The disease theory views alcoholism as a chronic lifelong condition that cannot be cured. The best the sufferer can hope for is that their disease will go into remission, and that this will last the rest of their life. This image of alcoholism is supported by Alcoholics Anonymous. They agree that they are dealing with a incurable disease of the mind, but they add that remission can be achieved using a spiritual program called the 12 Steps. So according to this theory there can never be a recovered alcoholic but only a recovering alcoholic. The individual is always only ever one drink away from their disease. There is even the belief that the disease progresses even when the individual is not drinking. This means that should the individual relapse things will be much worse than they were before.
The disease theory of alcoholism is not accepted by everyone. Some would even suggest that it is an unproven theory with little evidence to support it. Those who follow other recovery programs such as Rational Recovery claim that belief in this theory has led to a great deal of harm – it has transformed a common vice into a national tragedy. According to this view the theory of alcoholism being a disease has disempowered people and turned them into passive victims. The idea that alcoholism requires a spiritual remedy has alienated many nonbelievers and left them with the belief that there may be no cure for their addiction.
There appears to be advantages and disadvantages to both the terms recovered alcoholic and recovering alcoholic. The individual may be able to avoid the dangers of both by:
* No matter what label they use the individual needs to accept that they can never drink safely again. So long as they have any ambivalence about this they will struggle to progress in their new life, and they will be at risk of relapse.

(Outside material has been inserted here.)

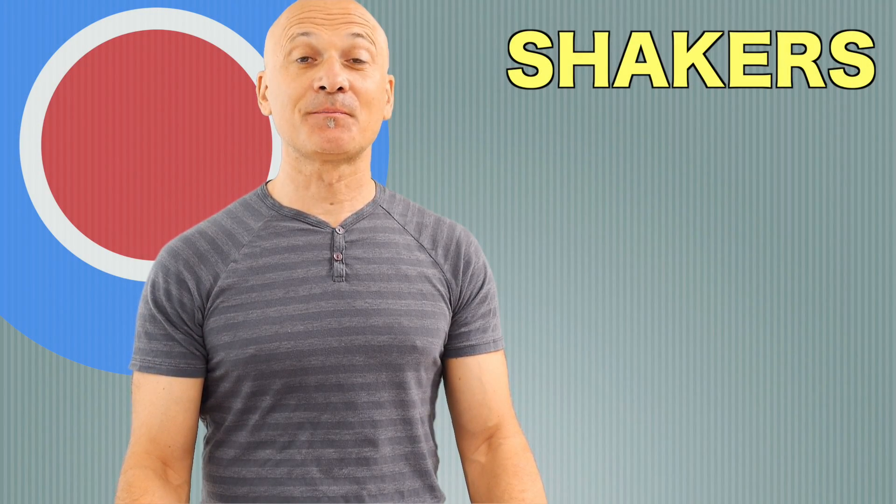Hey guys, welcome back to World Drum Club. I'm Kalani. Thanks for joining me. This is a session all about unique shakers and really interesting items that you can use to create some sort of percussive sound. Some of them are formalized instruments, some of them are found sounds. So let's get right to it.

* Even if the individual no longer consider themselves to be an alcoholic they will still need to put a great deal of effort into their new life. There will have been reasons for why the individual fell into addiction in the first place, and to find success now they will need to tackle these issues.
* People can become too obsessed with labels and this can be an excuse to avoid dealing with what is really important. The most important thing is not how people describe their recovery but with how they change their ways.
* There appears to be no one label that suits everyone. Each individual has to decide on which label works better for them.
* There is probably no point in arguing about these labels. What works for one person might not work for somebody else – there might not be a right or wrong answer.